B.      The Rights Reyes Complains of Are Neither Systemic Nor Absolute Requirements

 

Recognized as being absolute, systemic requirements are not necessarily constitutional.  Hall v. State, 303 S.W.3d 336, 341 (Tex. App.—Amarillo 2009, pet. ref’d).  Systemic or absolute requirements include, but are not limited to, personal jurisdiction, subject-matter jurisdiction, a penal statute’s compliance with the separation of powers section of the state constitution, a constitutional requirement that a district court conduct its proceedings at the county seat, a constitutional prohibition against ex post facto laws, and certain constitutional restraints on the comments of a judge.  Saldano, 70 S.W.3d at 888–89.

Systemic requirements are to be observed even without partisan request and cannot lawfully be avoided even with partisan consent.  Sanchez v. State, 120 S.W.3d 359, 366 (Tex. Crim. App. 2003).  Therefore, an appellant may complain that an absolute requirement or prohibition was violated, and the merits of his complaint on appeal are not affected by the existence of a waiver or forfeiture at trial.  Id.

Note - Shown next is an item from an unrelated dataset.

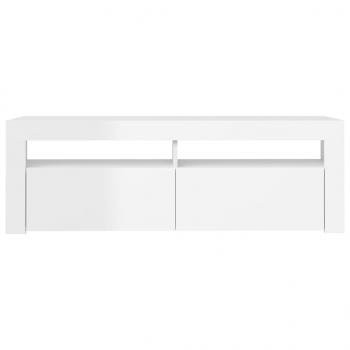 TV-Schrank mit LED-Leuchten Hochglanz-Weiß 120x35x40 cm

The Sixth Amendment guarantees that “[i]n all criminal prosecutions, the accused shall enjoy the right . . . to have the Assistance of Counsel for his defence.”  U.S. Const. amend. VI; see Gideon v. Wainwright, 372 U.S. 335, 339, 83 S. Ct. 792, 794 (1963).  The Sixth Amendment right to counsel applies in all state criminal prosecutions in which the defendant is accused of a felony.  Id. at 342; 83 S. Ct. at 795.  Once the adversarial judicial process has been initiated, the Sixth Amendment guarantees a defendant the right to have counsel present at all “critical” stages of the criminal proceeding.  Montejo v. Louisiana, 556 U.S. 778, 129 S. Ct. 2079, 2085 (2009); Hughen v. State, 297 S.W.3d 330, 334 (Tex. Crim. App. 2009), cert. denied, 130 S. Ct. 3291 (2010).  Interrogation by the police or a state actor acting on behalf of the police, after charges have been filed, is considered to be a critical stage.  Brewer v. Williams, 430 U.S. 387, 398, 97 S. Ct. 1232, 1239 (1977); Hughen, 297 S.W.3d at 334.

The Fifth Amendment of the United States Constitution provides that “[n]o person . . . shall be compelled in any criminal case to be a witness against himself.”  U.S. Const. amend. V.  As a prophylactic protection of this Fifth Amendment right, law enforcement officials, before questioning a person in custody, must inform a defendant that he has the right to remain silent and that any statement he makes may be used against him in court.  Miranda v. Arizona, 384 U.S. 436, 444, 86 S. Ct. 1602, 1612 (1966); Ramos, 245 S.W.3d 410, 418 (Tex. Crim. App. 2008).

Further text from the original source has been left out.